I am wondering how pervasive the misuse of p-values is within the scientific community. Of course, this is good reason not to trust a single study, but I have to say that this makes me really question some of the scientific conclusions you see coming out of the softer sciences. Perhaps someone within the scientific community has more insight on this question.

Offline Cowtown Cody

  • Well Established
  • *****
  • Posts: 1669
  • Part-time Ferret
    • Cold North
Re: p-values and Statistical Significance
« Reply #1 on: Apr 12, 2012, 08:32:38 PM »
As to how prevalent p-value misunderstandings are, a good answer is in that first paper you cite.  It looks like your research has answered a lot of your own questions.  Which is great.

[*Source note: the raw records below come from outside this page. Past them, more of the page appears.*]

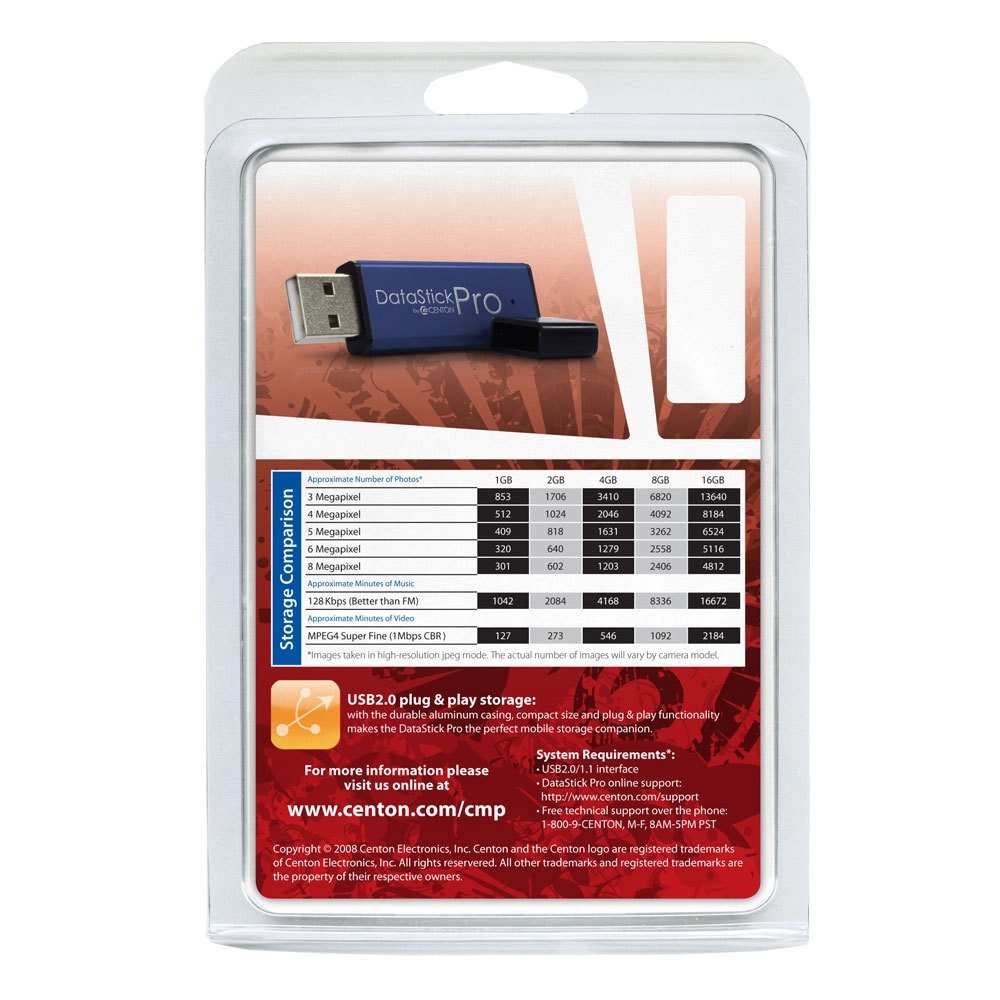 DataStick Pro - USB 2.0 16GB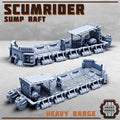 Image of the set of Stack City - Scumrider Sump Raft - by Seaside Crow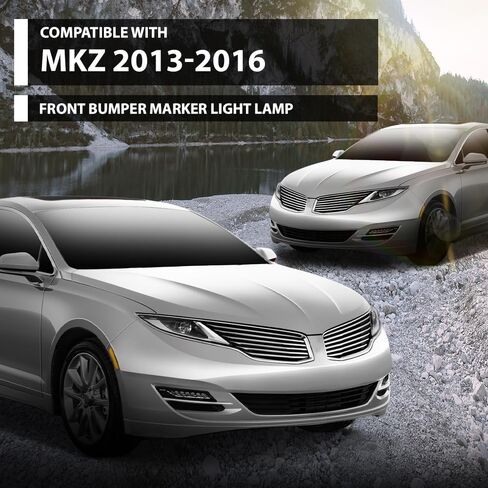 مصباح ضوء عاكس للمصد الأمامي الأيسر G-PLUS، متوافق مع Lincoln MKZ 2013-2016، جانب السائق، DP5Z13A565F، FO1084100C in Saudi Arabia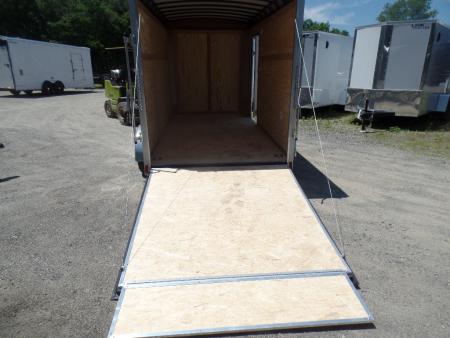 New 2027 Haul About Trailers 6'X12' Tandem Axle 7,000 lb. GVWR Cargo / Enclosed Trailer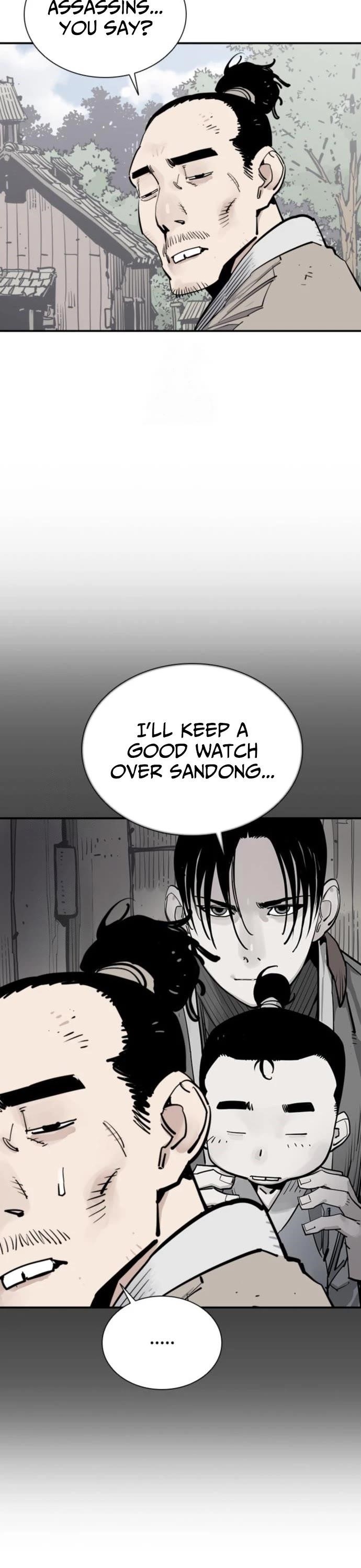 Death God Chapter 113 - Page 28 in English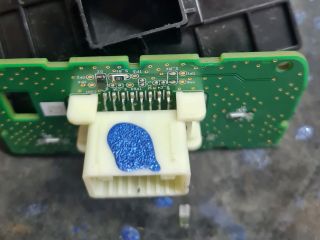 bontott HYUNDAI TUCSON Fényszórómagasság Állító Kapcsoló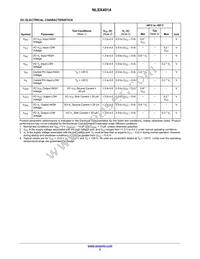 NLSX4014DR2G Datasheet Page 5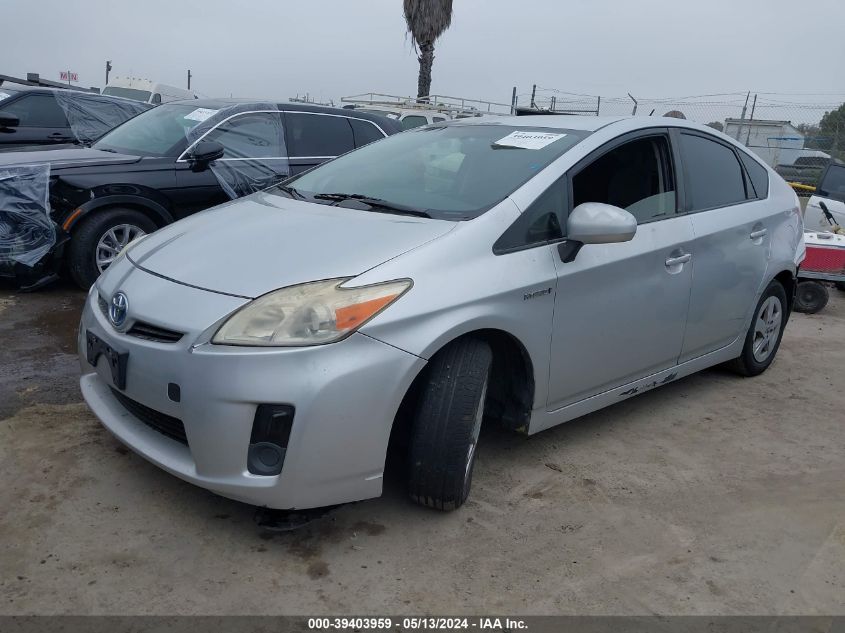 2013 Toyota Prius Two VIN: JTDKN3DU7D5596869 Lot: 39403959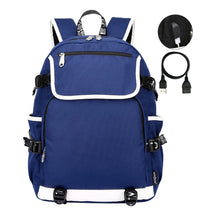 Fashionable And Popular Usb Youth Student Backpack For Men And Women's Leisure Backpack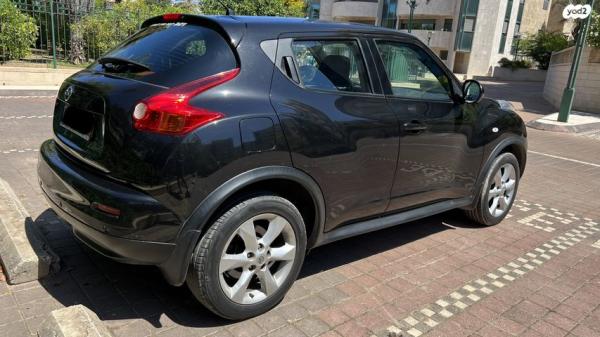 ניסאן ג'וק / Juke Acenta אוט' 1.6 (117 כ"ס) בנזין 2012 למכירה בהרצליה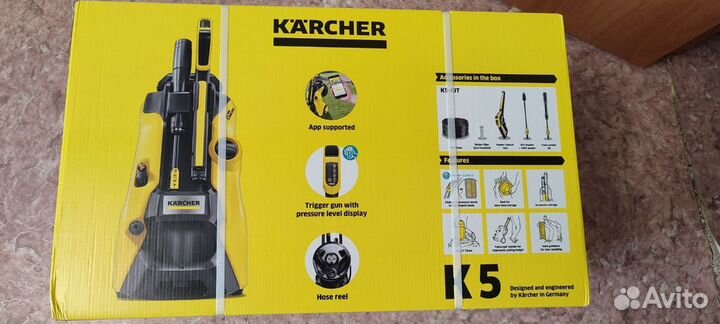 Karcher K 5 Premium Power Control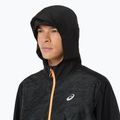Pánska bežecká bunda ASICS Fujitrail Packable Windbreaker performance black 7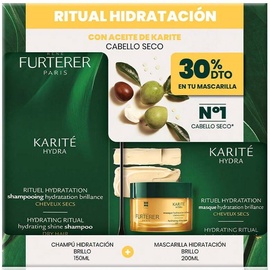 Juuksehooldustoodete komplekt Rene Furterer Karite Hydra, 350 ml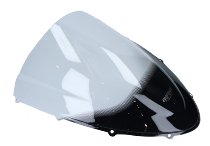 MRA Fairing screen, racing, clear, with homologation -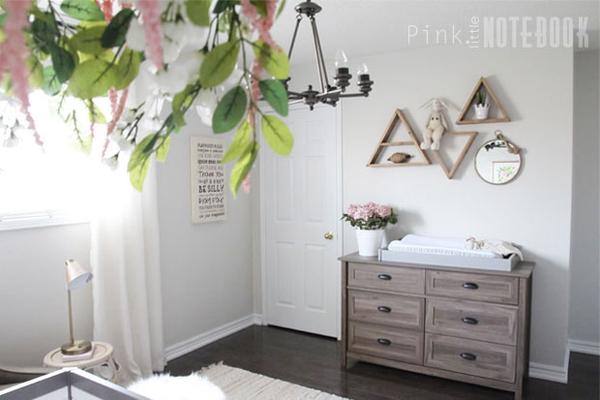 DESIGNER SPOTLIGHT: A "Pink Little Notebook" Nursery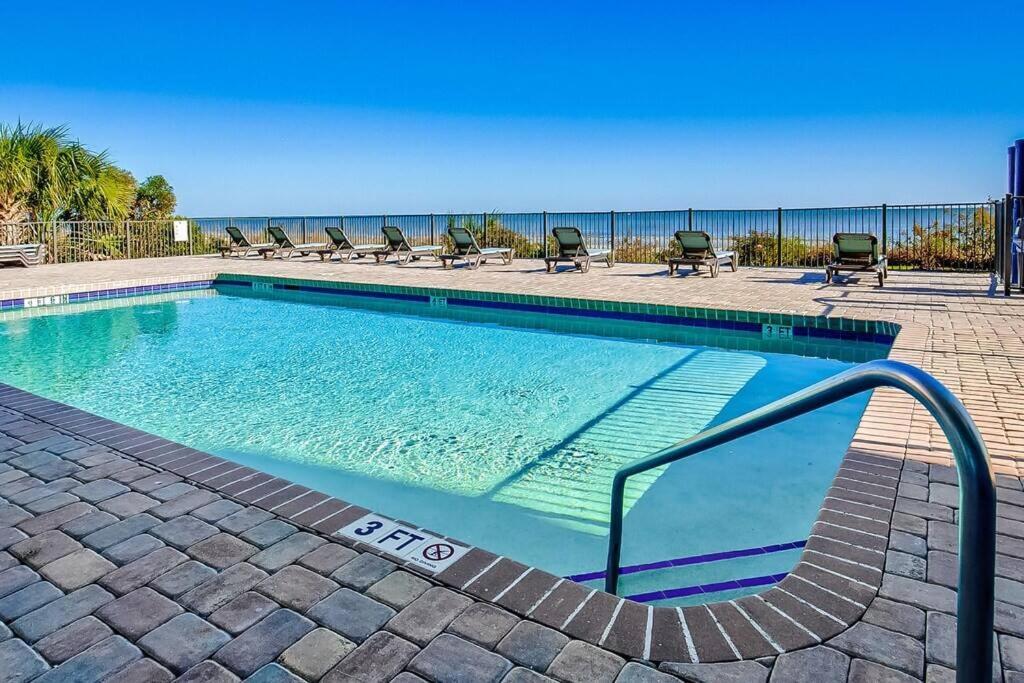 Royal Retreat-Amazing View-King Bed-1 Bedroom-Full Kitchen-Free Parking-Self Check-In Myrtle Beach Bagian luar foto
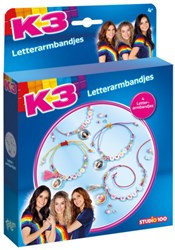 Créez des bracelets avec lettres K3 830240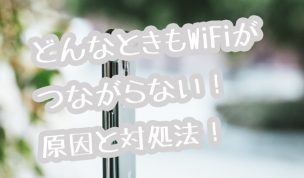 どんなときもWiFi画像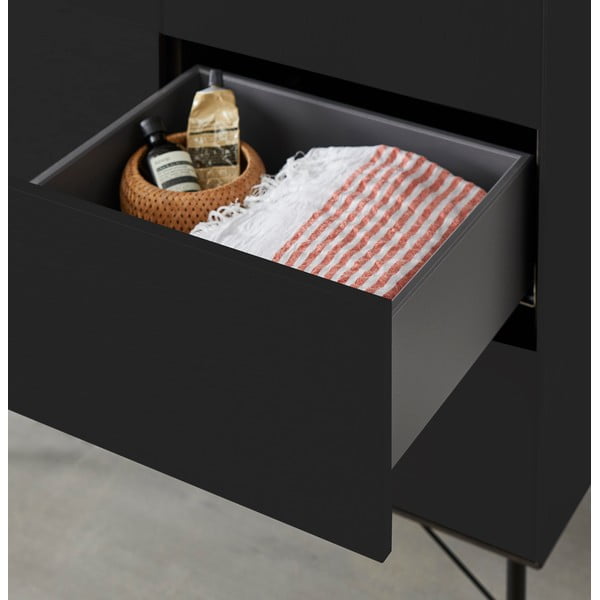 Černá komoda Edge by Hammel-image-3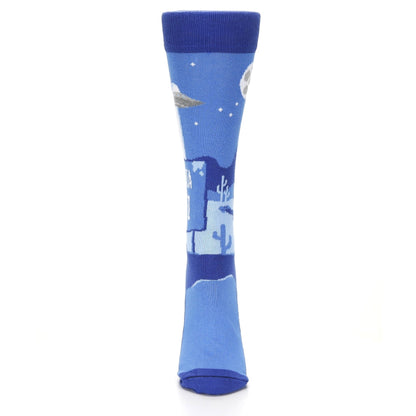 Area 51 UFO Socks - USA Made - Women's Novelty Socks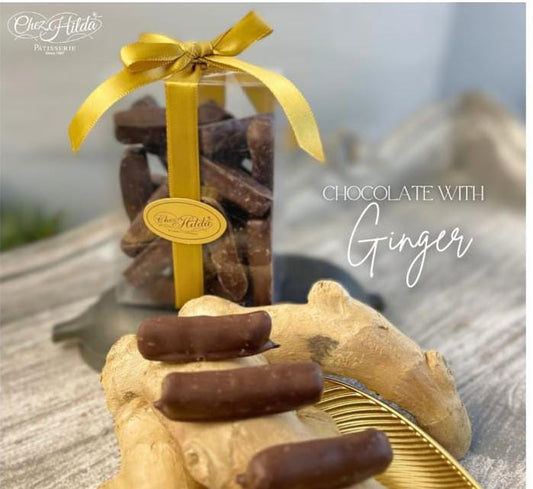 Chocolate With Ginger 180g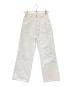 RHC Ron Herman（アールエイチシー ロンハーマン）の古着「デニムパンツ」｜ホワイト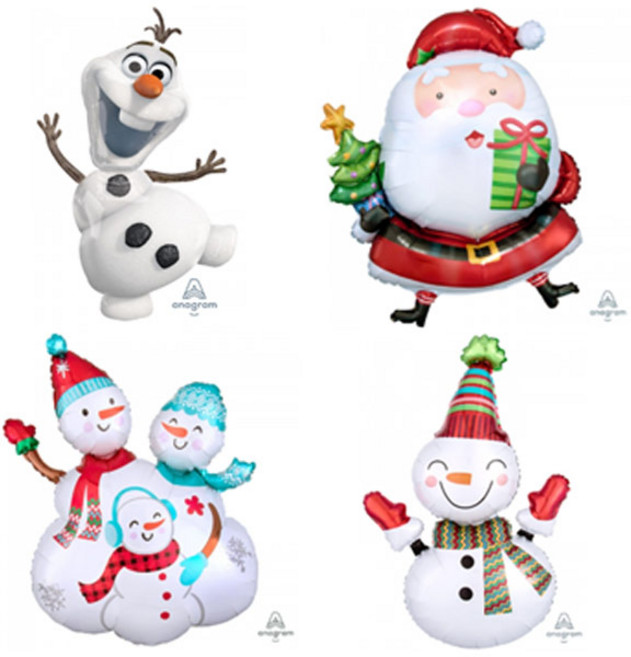 파티스토리 크리스마스풍선, 07. 산타썰매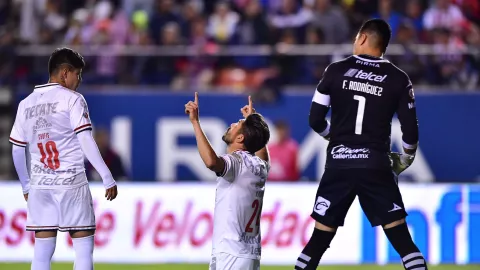 Oribe sueña con ser referente de Chivas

Appropriate p-values are set by convention, and in my experience, it's pretty well understood that a p-value is not an indicator of some kind of mechanical, scientific certainty - it's just convention.  But that is useful in and of itself; if you see an unusually large p-value, or a p-value that doesn't adhere to the minimum standards set by convention, you should be much more wary about how you regard the claims being made by that study, because the larger the p-value, the easier it is to call weaker evidence "statistically significant," which is a good way to swindle people by science-washing your data.  In warning against pseudoscientific claims that pretend to have rigorous statistical analysis, that's a very useful caution.

You shouldn't use a p-value all by itself for in-depth information and obviously replication still matters quite a bit.  And in point of fact, on the Brain Science Podcast, the latest episode features a cognitive neuroscientist making exactly these statements regarding a variety of Cog Sci research that's been done.  Much of it hasn't been replicated, a lot of the methodology features intentional removal of information which creates an over-focusing on localization of cognition and brain function.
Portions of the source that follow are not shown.